(0): Austausch aktivieren: Recht auf die Gestaltung des urbanen Raumes Rothenburgsort
(A) Kontext
(1) Stadtpolitische Transformationsprozesse im Hamburger Osten
Der urbane Raum ist ein relationales und soziales Produkt, das kontinuierlich durch die wechselseitigen Beziehungen sozialer, ökonomischer, politischer, historischer und kultureller Praktiken hergestellt wird. Somit sind Raum, Praxis und ungleiche Verteilungen von Macht, Ressourcen und Wissen veränderbar. Die aktuellen Stadtentwicklungsstrategien in Hamburgs Osten, Stromaufwärts an Elbe und Bille sollen Rothenburgsort im Sinne der bestehenden Verwertungslogik verändern. Dem will das Projekt Mikropol längerfristig entgegenwirken und den Startschuss für eine Stadtentwicklung „quasi von unten“ geben. In einem ehemaligen Toilettenhäuschen soll ein neuer Ort für die Nachbarschaft entwickelt werden. Im Rahmen des von Marius Töpfer (Mikropol e.V.) und Dominique Peck (Lehr- und Forschungsprogramm Urban Design) geleiteten Seminars Basics: Project Management in Urban Design organisieren zwölf Studierende des Masterstudiengangs Urban Design an der HCU gemeinsam eine Veranstaltung, die im Frühjahr 2019 mit Blickrichtung auf die Eröffnung des Mikropols durchgeführt werden soll.
(2) Motiv: Austausch
Das Mikropol visiert eine räumliche und soziale Plattform des Austauschs an. Das Motiv des Austausches als Ort, Praxis und Produktion wirft unter anderem Fragen nach (Un)zugänglichkeiten, (Un)sichtbarkeiten, Sphären von (Mit)Sprache und Öffentlichkeit auf, denen wir als Studierende wissenschaftlich nachgehen.
(3) Forschungsfrage
Wie kann demokratischer Austausch aktiviert werden und welche Position und Rolle nehmen wir als Studierende in diesem Prozess ein?
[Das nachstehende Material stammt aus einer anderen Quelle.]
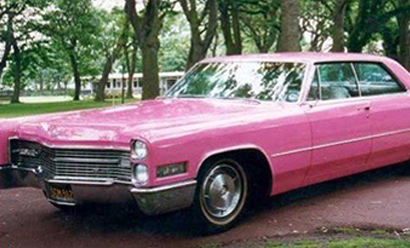 An image of the the fabulous pink Cadillac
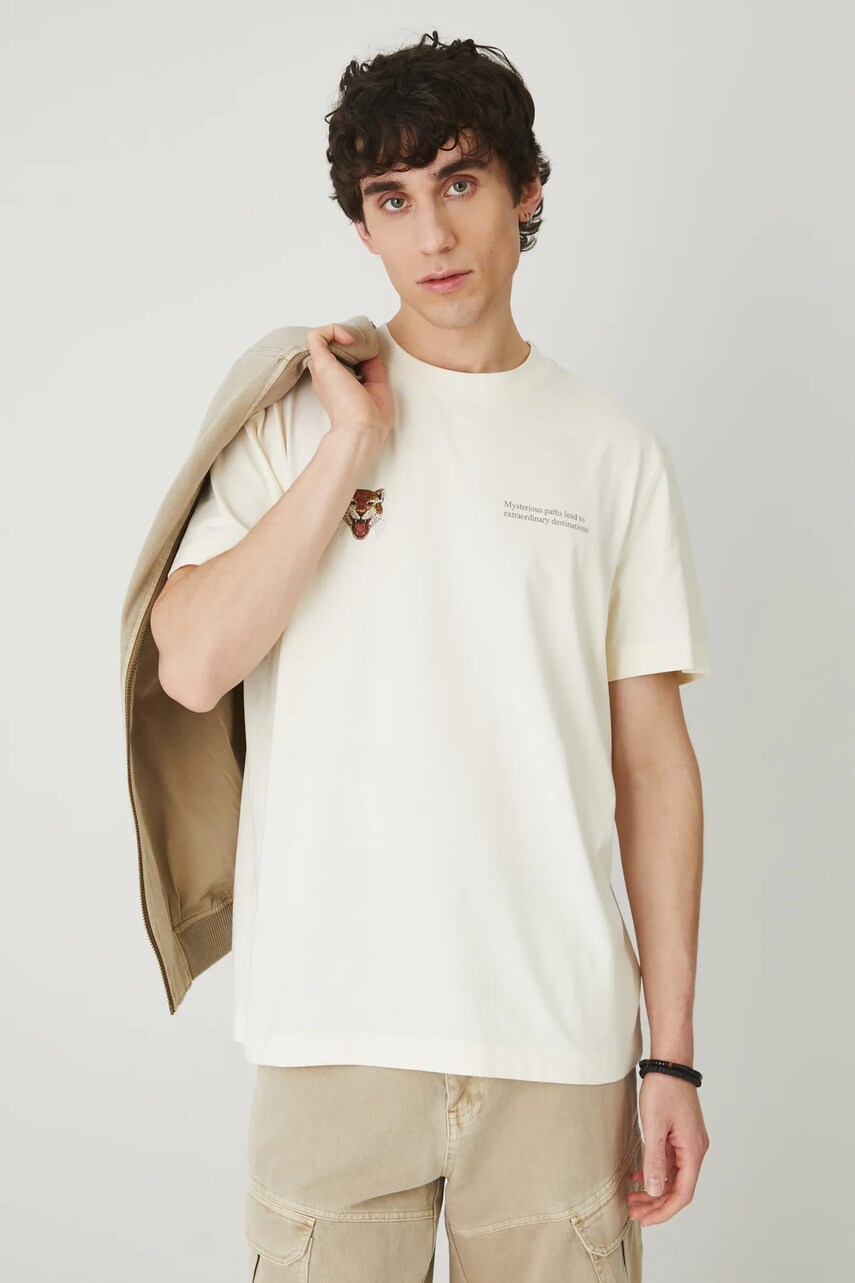 Medicine tricou barbati, culoarea bej, cu imprimeu
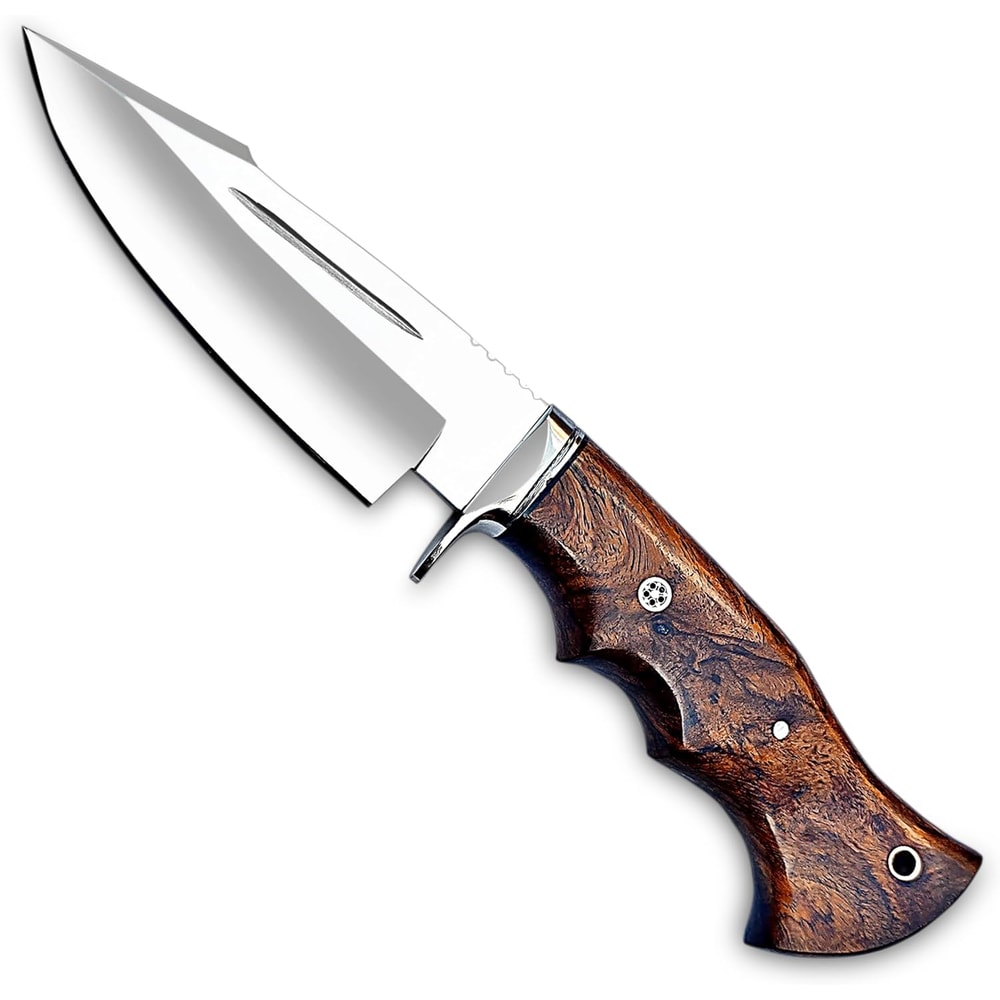 Handmade D2 Steel Hunting Knife Bushcraft Fixed Blade Knife With Sheath And Horizontal Carry Wood 3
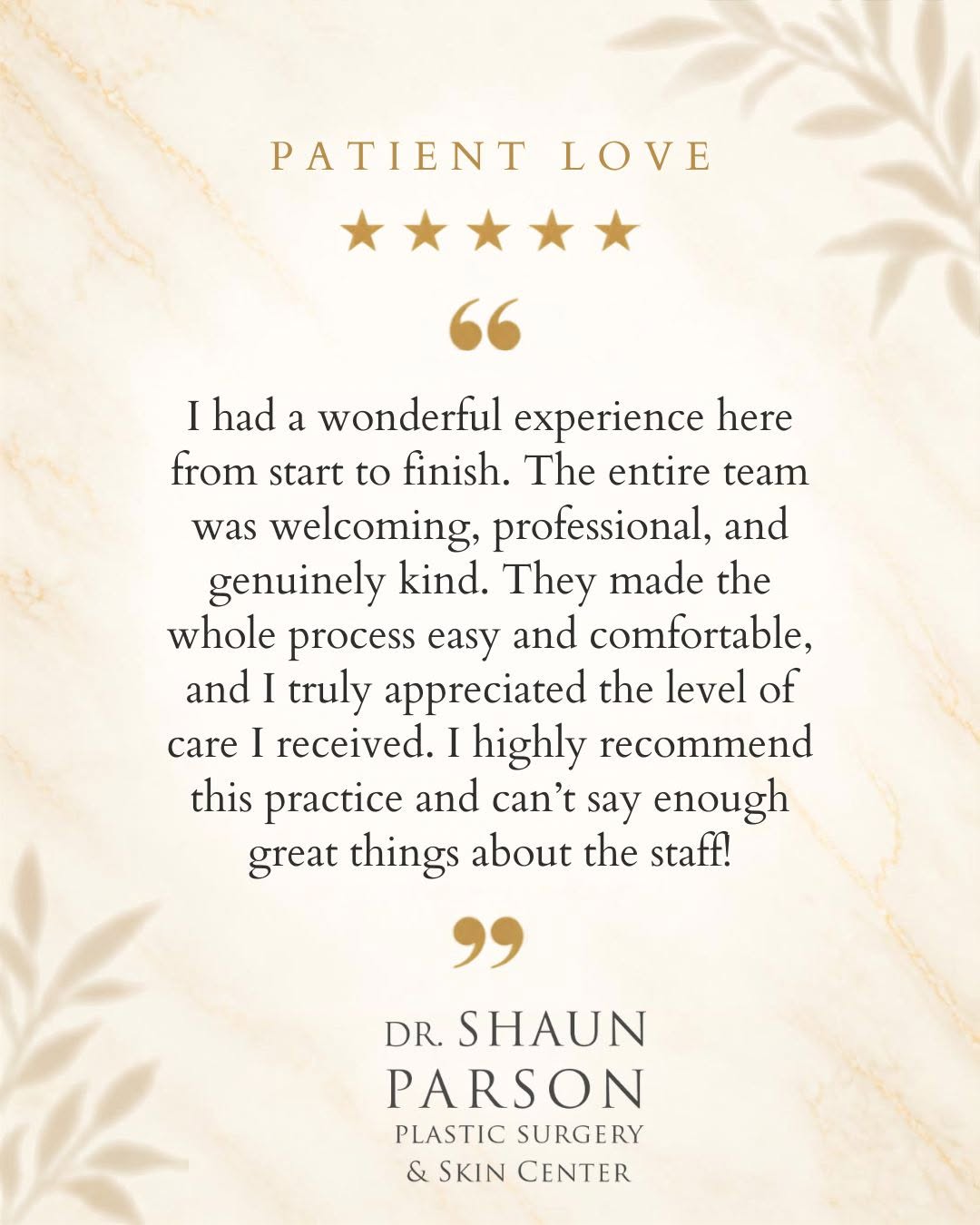 Instagram post by Dr. Shaun Parson: Kind words like these mean so much to our entire team. 🤍 From the moment you walk through our doors, our goal is to make you feel welcomed,…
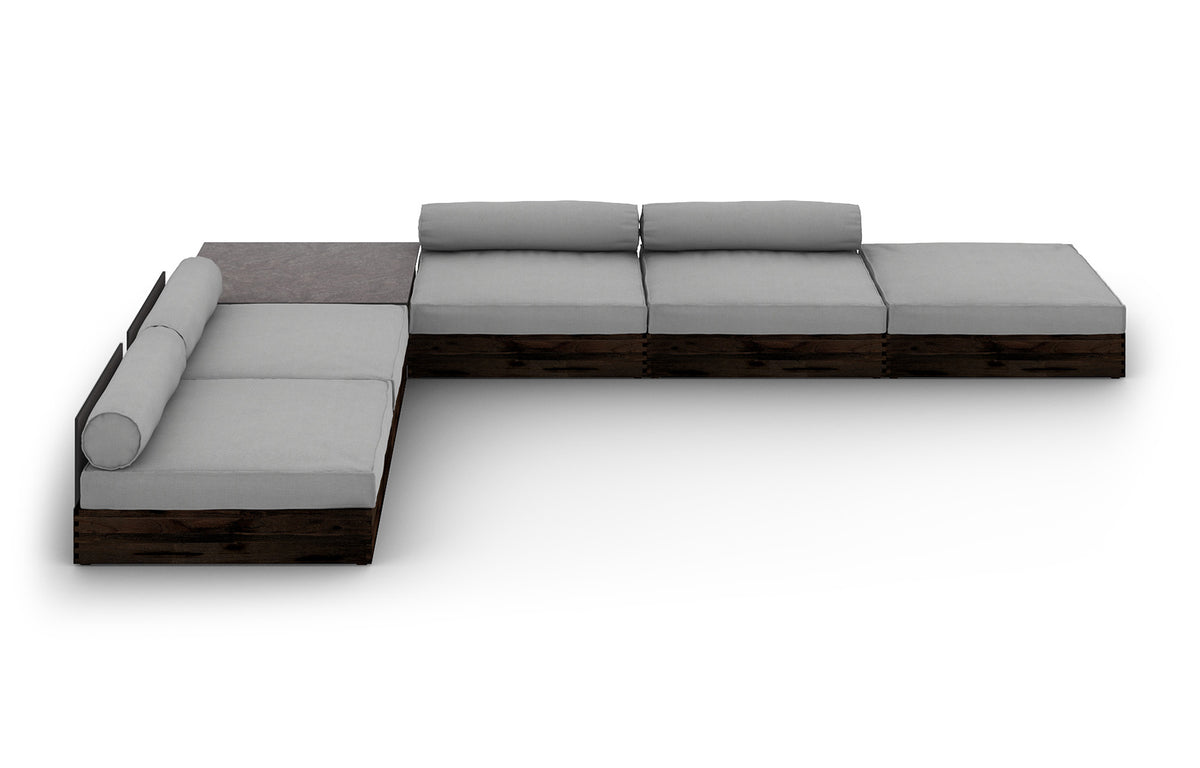 Aiko Configuration 7 by Mamagreen - Espresso Teak Wood, Slate HPL, Seagull Grey Sunbrella Cushion.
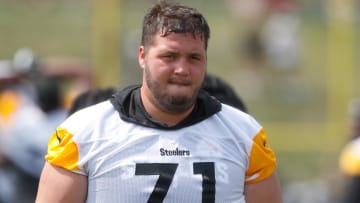 Jul 27, 2023; Latrobe, PA, USA;  Pittsburgh Steelers guard Nate Herbig (71) participates in drills during training camp at Saint Vincent College. Mandatory Credit: Charles LeClaire-USA TODAY Sports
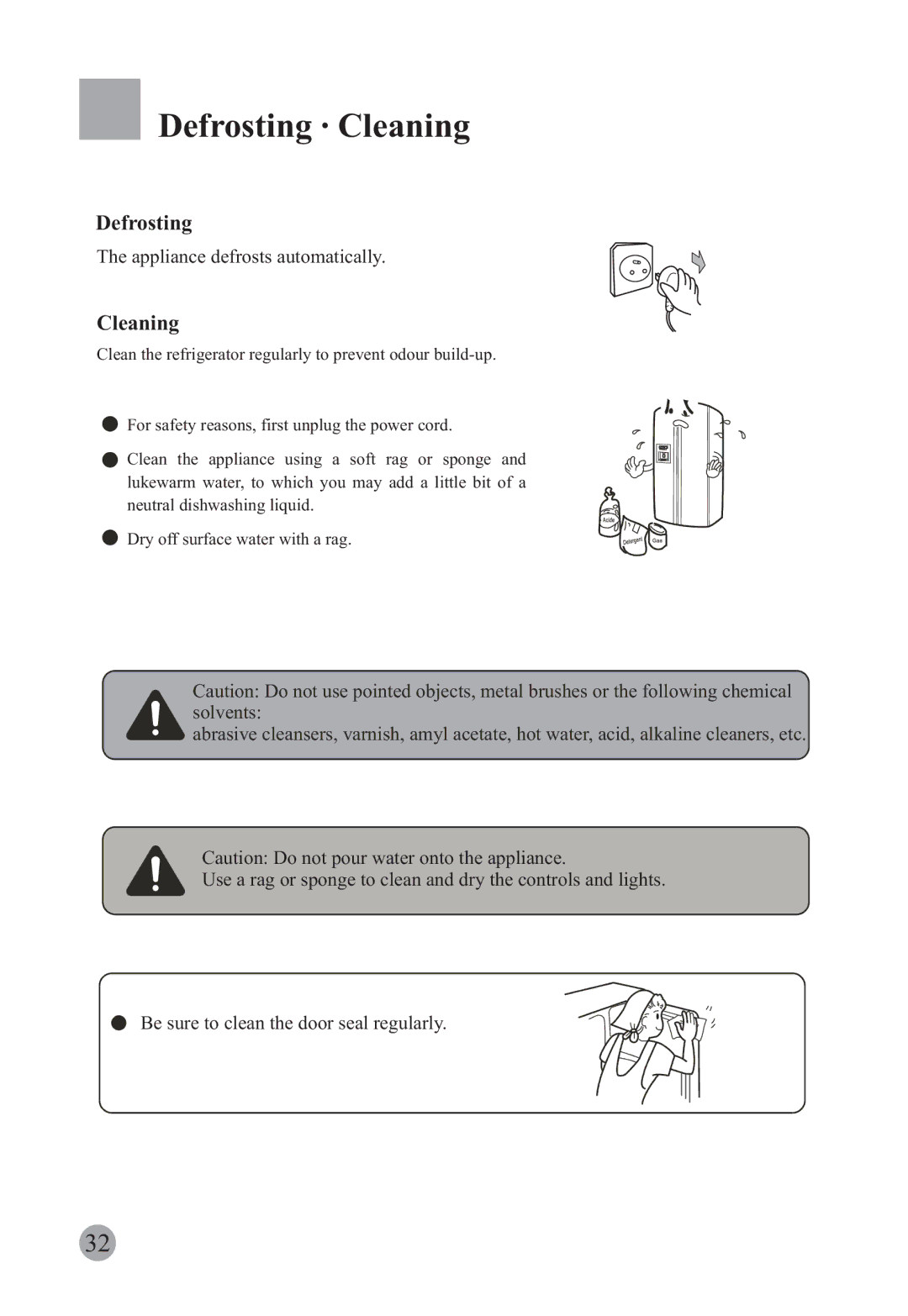 Haier HRF-663ISB2, HRF-663CJ manual Defrosting · Cleaning 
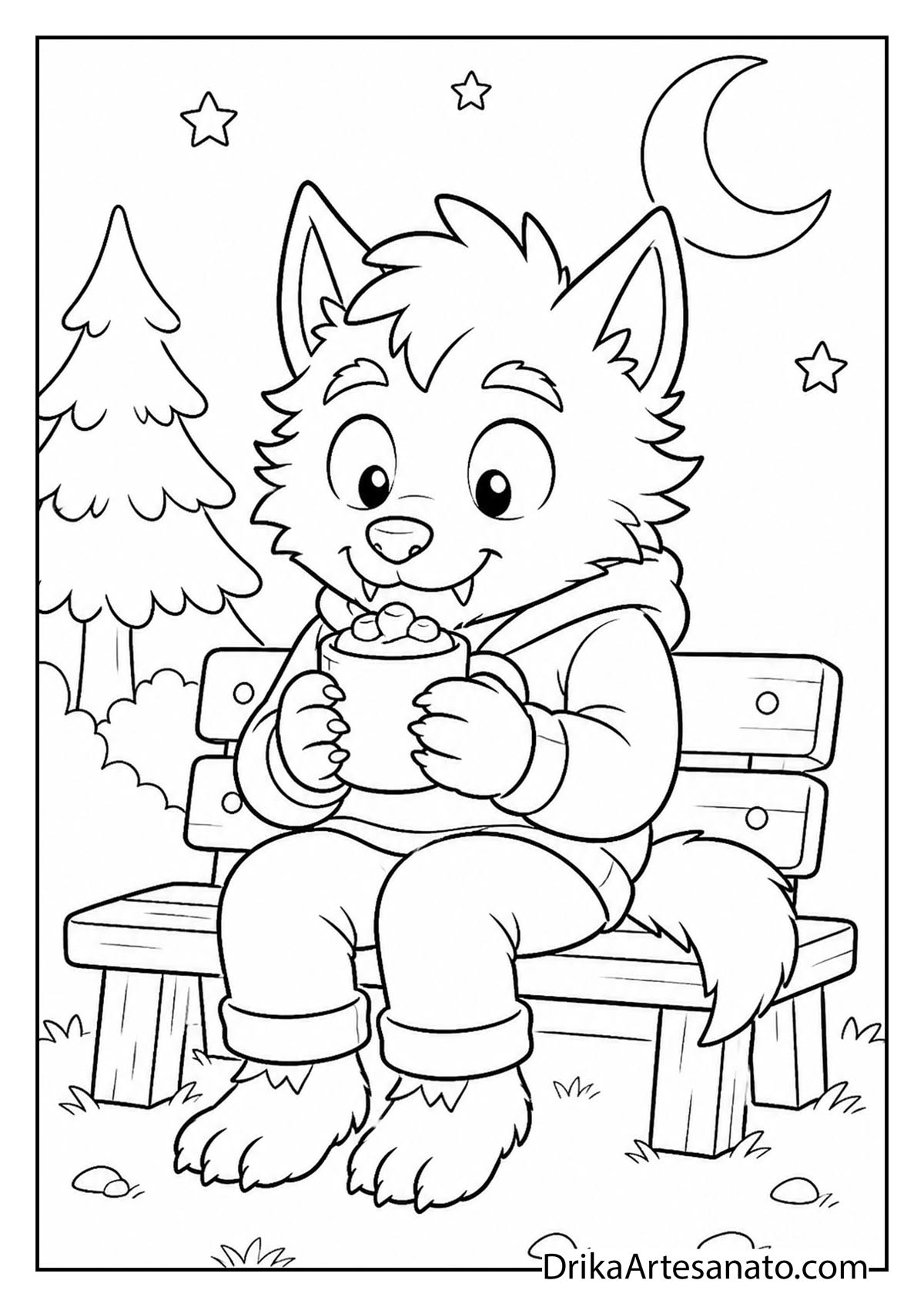 Werewolf pup drinking hot cocoa on a park bench at night coloring sheet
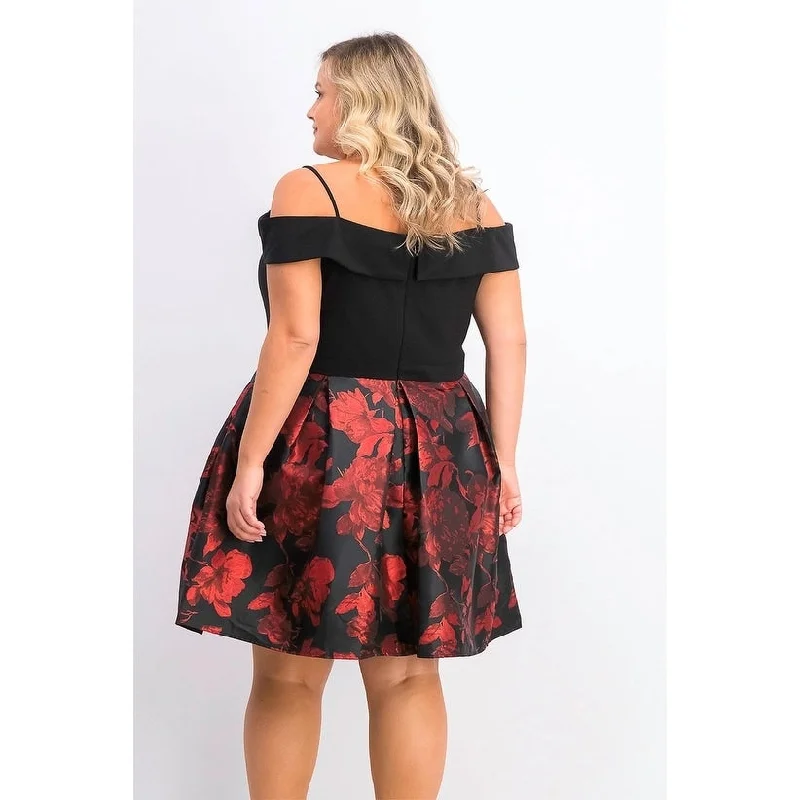 Women's Casual Midi Floral Dresses-Morgan & Company Women's Plus Size Trendy Off-The-Shoulder Dress Black Size 18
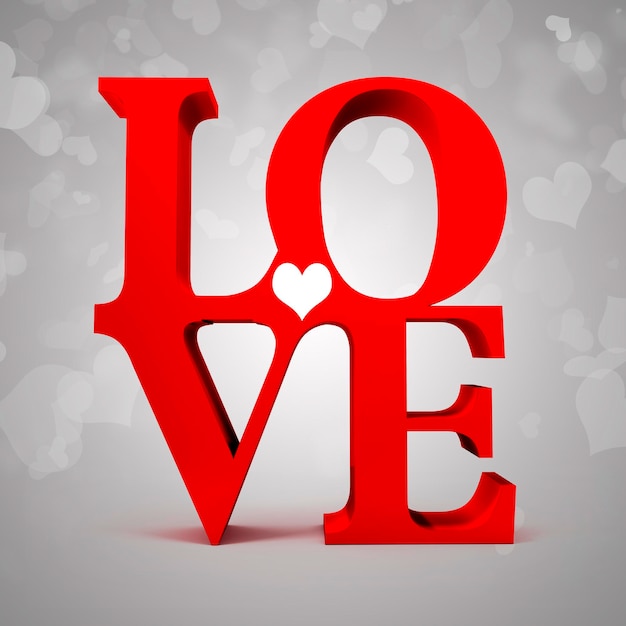 texte d'amour rouge 3d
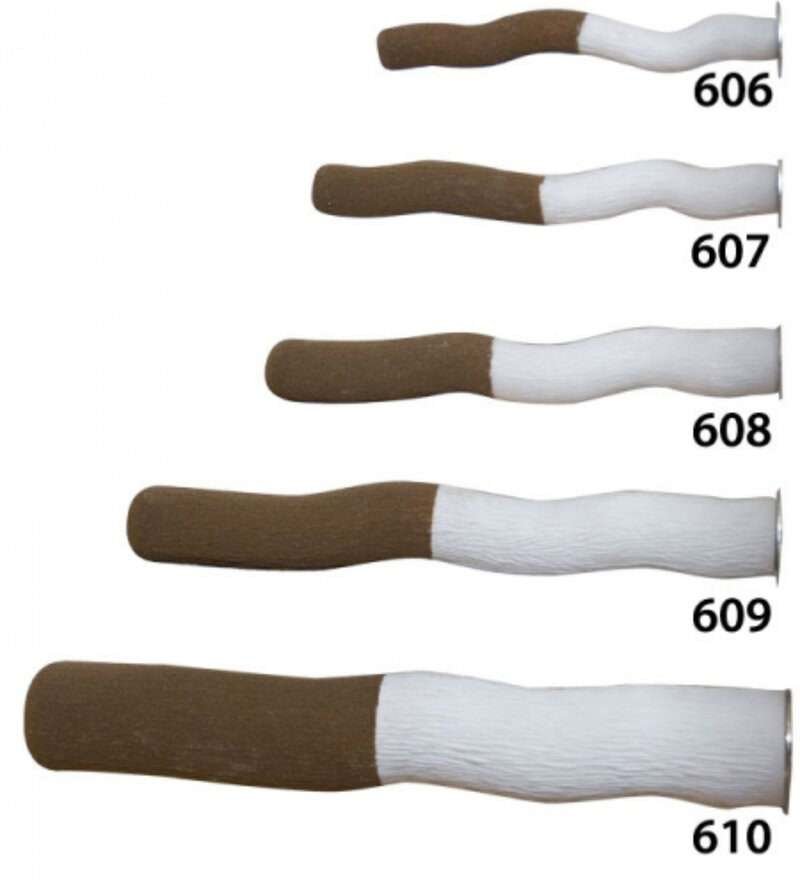 Varillas de madera en diferentes tamaños para pelucas y manualidades, color marrón y blanco.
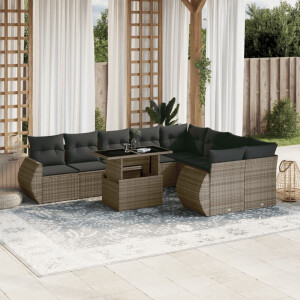 vidaXL 10-delige Loungeset met kussens poly rattan grijs
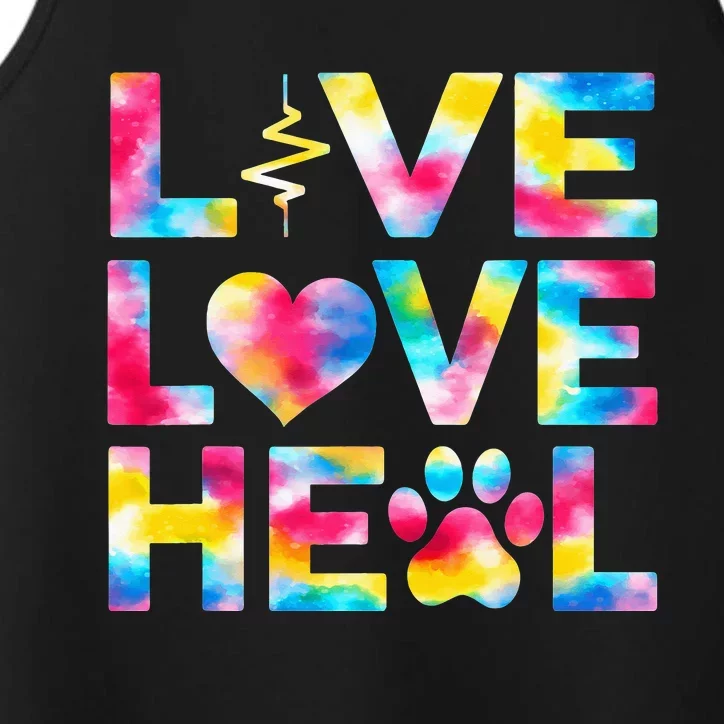 Vet Tech Live Love Heal Veterinary Technician Dog Rescue Performance Tank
(B) Hypothesen: Theorien und Method(ologi)en
Planungsprozesse und darin eingebettete Entscheidungsmechanismen, wie die Verabschiedung von Bebauungsplänen, sind meist Produkt von Aushandlungen zwischen ökonomischen, politischen und planerischen Eliten. Verschiedene standardisierte Normen in Projektmanagement, Architektur und Planung schließen großmaßstäbliche performative Planungsprozesse von unten durch „weitgehend bedeutungslose“ (Easterling 2014) Vorgaben per Definition aus. Lefebvre beschreibt das Recht auf Stadt mitunter als das Recht darauf, nicht von der Gestaltung des urbanen Raums im Sinne von Entscheidungen und Handlungsmacht ausgeschlossen zu sein (Lefebvre 1970 in Brenner 2003). Folgenden Fragen entstehen für die Koproduktion zwischen dem Seminar und dem Verein: Wie sehen die Entscheidungsgrundlagen aus, aufgrund welcher Beschlüsse getroffen werden und wer hat wen beauftragt diese Grundlagen zu erstellen; Wie sieht das Recht der Mitsprache aus und wie hört es sich an (Schneider 2015)? Das Recht über die Zukunft der Städte informiert zu werden und daraus kollektive, politische Handlungsmacht abzuleiten, übersetzen Petrescu und Petcou in den Begriff der »Mikropolitiken« (Petrescu/Petcou 2014). Hiernach lassen sich individuelle sowie kollektive Prozesse der Subjektivierung organisieren, um die herrschende Ordnung zu verändern. Strategisch sollen neue Formen urbaner Handlungen aus alltäglichen Praktiken heraus initiiert und ermöglicht werden. Das Format des Projektes als bestehender Moment urbaner Transformation soll systematisch demokratische Veränderung anstreben (Schneider 2015).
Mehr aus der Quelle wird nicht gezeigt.